Me decidía por fin por aquel autobús tan entrañable de las siete de la tarde. Hora ésta en la que la estación es un hervidero de mochilas con piernas, prisas, dársenas equivocadas y extranjeros que buscan el autobús número uno (que nunca está donde debe).
Me subo en mi transporte, sé que tiene que ser el 36 pero ni siquiera me he fijado en el número, simplemente he buscado el bus más viejo y decrépito de todos y he acertado. Es lo que da la experiencia.
Comienzo a pensar que no he tenido mucha mala suerte cuando resulta que por dentro no está tan mal. Pero todo es una broma, porque se me ha olvidado que son fiestas en uno de esos grandes pueblos de Dios, y el autobús comienza a llenarse y a llenarse, esta vez no de señores y señoras con bolsas que empujan y se lían con el número del asiento, no. Mucho peor, de adolescentes.
A decir verdad yo no me puedo considerar el ser más normal del autobús puesto que mis pintas me delatan: camiseta de pantallazo azul de windows, gafas en ristre, portátil sobre las rodillas y leyendo un libro sobre cibernética escrito por Norbert Wiener. Pues eso, que soy el friki del bus.

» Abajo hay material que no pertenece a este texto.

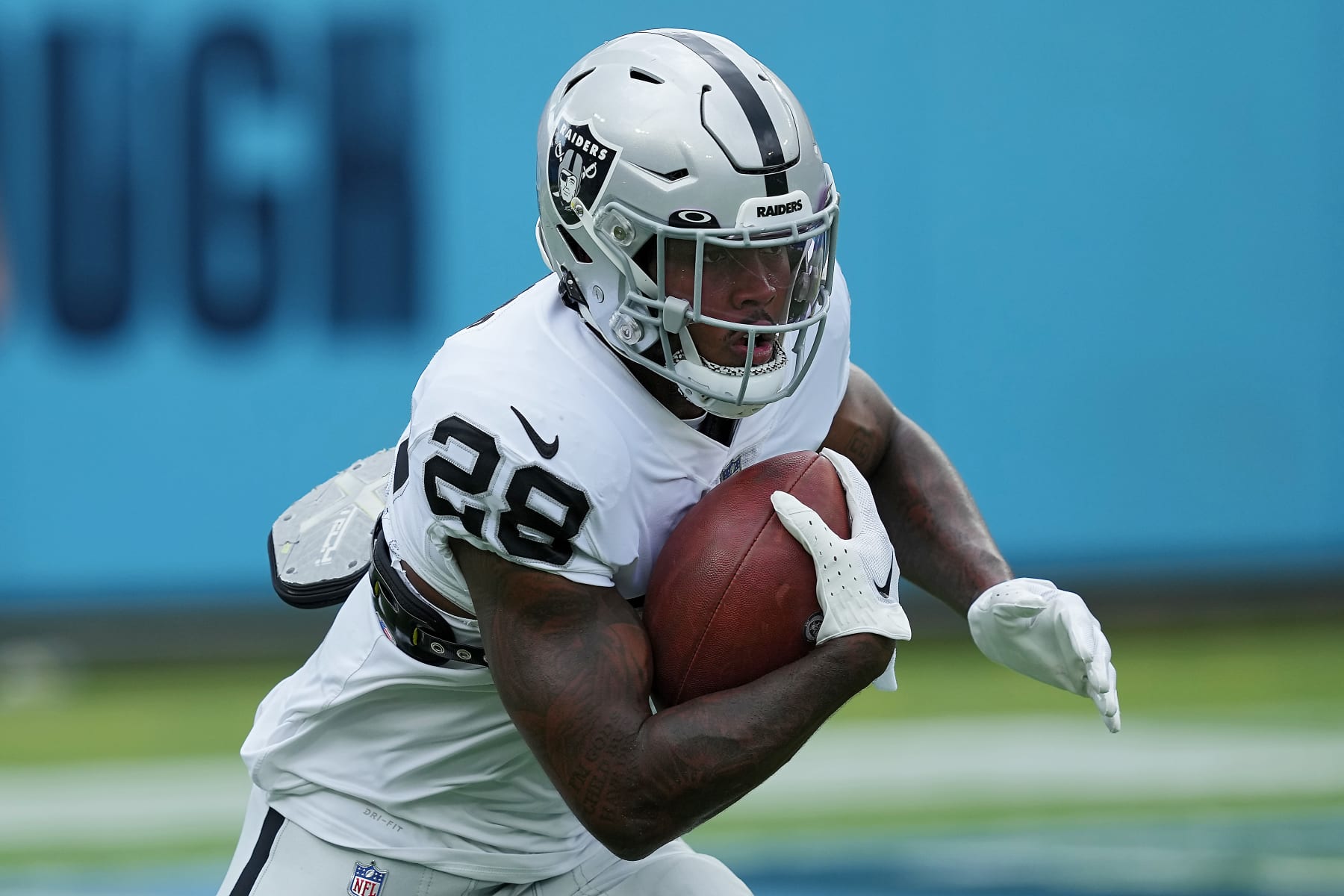 Raiders fall to 0-3 after loss to Tennessee Titans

Los asientos se completan y yo rezo para que no me toque al lado el personaje de turno. Curiosamente se sienta a mi lado un muchacho con pinta de poco raro que lleva un librito en francés, y los dos nos enfrascamos en amena lectura omitiendo la presencia del otro. El bus va tan lento que ni te mareas leyendo.
Pero todo era un espejismo. El muchacho guardaba no sé bien dónde dos botellas de Coca-Cola de medio litro y comienza a beberlas con deleite a mitad del viaje. A esas alturas ya ha dejado el libro, que tenía pinta de ser un coñazo, y eso que yo no sé francés. Pone la música del mp3 a todo trapo y, por efecto de la cafeína y de sus propias hormonas comienza a contonearse espasmódicamente al ritmo de la música rockera que le taladra los lóbulos temporales.
Procuro desconectar de la bizarría de mi asiento compartido y del autobús repleto. Pero claro está, para eso hay que escuchar a los demás, porque ha oscurecido y a Wiener ya no se le entiende. Y los demás son grupitos de adolescentes dedicados a:
- llamar por el móvil para encargar a sus amigos que vayan comprando el alcohol, que ellos llegan enseguida.
- hablar de a quién se ligaron el fin de semana pasado
- hablar de a quién se piensan ligar este fin de semana.
Es la primera vez que comulgo con el sentimiento popular jubilado porque ahora yo me siento tan perdido y horrorizado como ellos. A estas alturas el muchacho de al lado ya se ha trincado botella y media de Coca-Cola, guardando el resto entre sus temblorosas piernas a modo de estandarte cafeínico para ponerse a tono.
Pero se acaba. Todo se acaba en esta vida. Después de que el autobús pare y yo me baje en un pueblo que nadie de los que va arriba se ha planteado nunca que era un pueblo, yo me siento libre. El bus sigue su marcha hacia el desenfreno y descontrol de un fin de semana muy muy hormonal por lo que pude escuchar.
Lo siento por los jubilados. Espero que no hayan renegado de su fe en la raza después de ese viaje. Como alguno de esos críos salga elegido presidente alguna vez, los macrobotellones van a ser canciones de cuna comparado con lo que estarán dispuestos a aprobar.